Example brand: Hodgman Men’s Gamewade Packable Hip Waders
(Check with us if you need these, sometimes not necessary).
- Down or wool vest.
- Light rain gear, top and bottom.
- Heavy coat (Check with us if you need this, sometimes not necessary).
- Hat with ear flaps.
- Hunting gloves.
- Comfortable camp shoes.
- Personal toiletries.
- Rifle and 2 boxes ammunition.
- Good back pack (frame or pack capable of carrying personal gear if spike camp is necessary. See note below).
- Water bottle.
- Small flashlight or headlamp.
- Reading material.
- Suncreen, insect repellent.
- Binoculars and rangefinder.
Hunting gear note: While quite expensive, Sitka and KUIU brand is what our guides use and recommend as the best.
Backpack note: All of your gear should fit into your frame style backpack.
Please note that we do not sell alcohol, tobacco, or chew at Nabesna. There is a small Lodge/Bar about 15 miles away (Sportsman’s Paradise) that sometimes stocks those products, but we recommend that you get what you need in Anchorage before driving up to Nabesna.

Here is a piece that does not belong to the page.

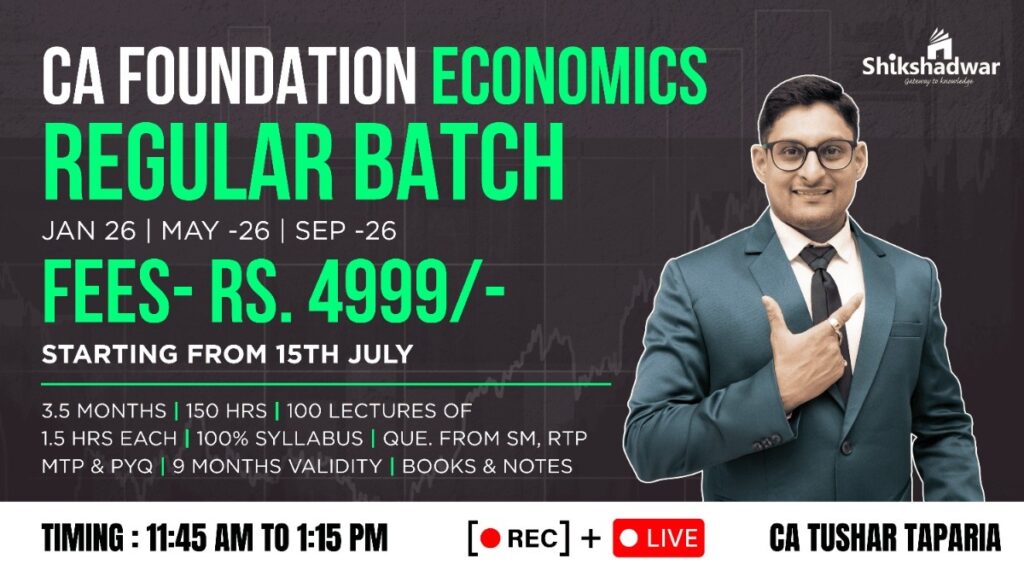 CA Foundation Economics Regular Batch by CA Tushar Taparia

Your guide will have a range finder, spotting scope, binoculars, etc., but you are recommended to bring your own along if you wish. If you own one (or want to rent one), a satellite telephone or the new “in reach” style satellite texting devices would be helpful to bring.

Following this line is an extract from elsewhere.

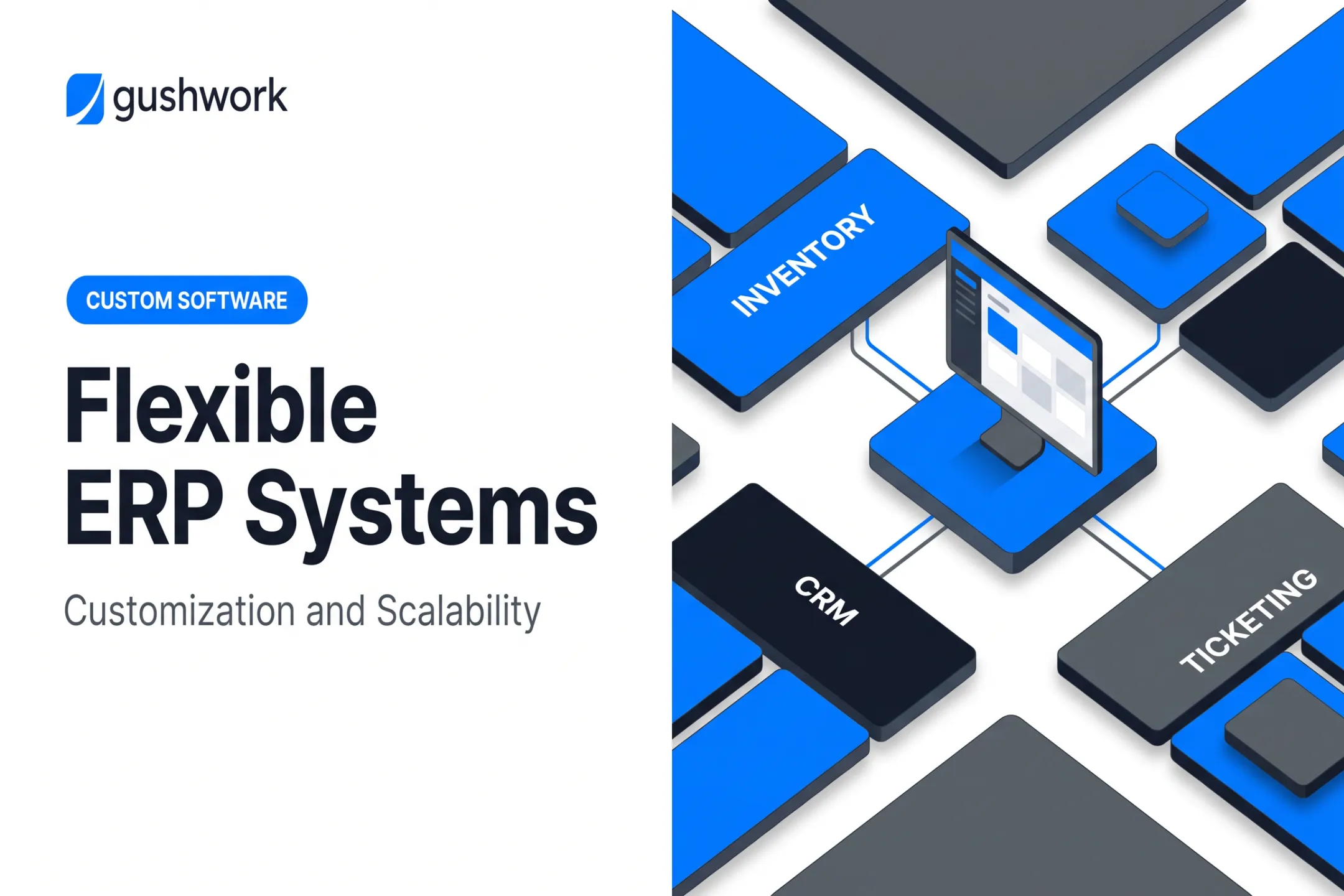 Flexible ERP Systems: Customization and Scalability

If you require a particular snack food or beverage such as Coke or beer, these may be purchased in Anchorage and brought with you to Nabesna. A 6-pack or so can be taken to camp with you, and the rest left at the main camp which can be flown to you on the next check flight, as weight and space permit.
Certainly you may bring what you want, If possible try and have all your gear fit in your frame pack.What must be considered is that the airplanes we use have limited space and by law the payload weight cannot exceed the maximum allowed amount. Many times there may only be a small window of time to get your camp set up due to weather or daylight, and an additional trip just to haul extra gear may cost a day of your hunt. This is extremely important.
Do I need to bring extra food?
You may bring any extra food you like, but, again, it is at the pilot’s decision how much weight can be loaded into the airplane. We usually pack up fairly hefty camp-food boxes, which include fresh and canned meats and meals, canned fruits and vegetables, breakfast foods, breads and lunch meats, and plenty of snacks such as crackers, cheese, chips, candy, cookies, condiments. Fresh homemade baked goods are also flown out to the camps when possible.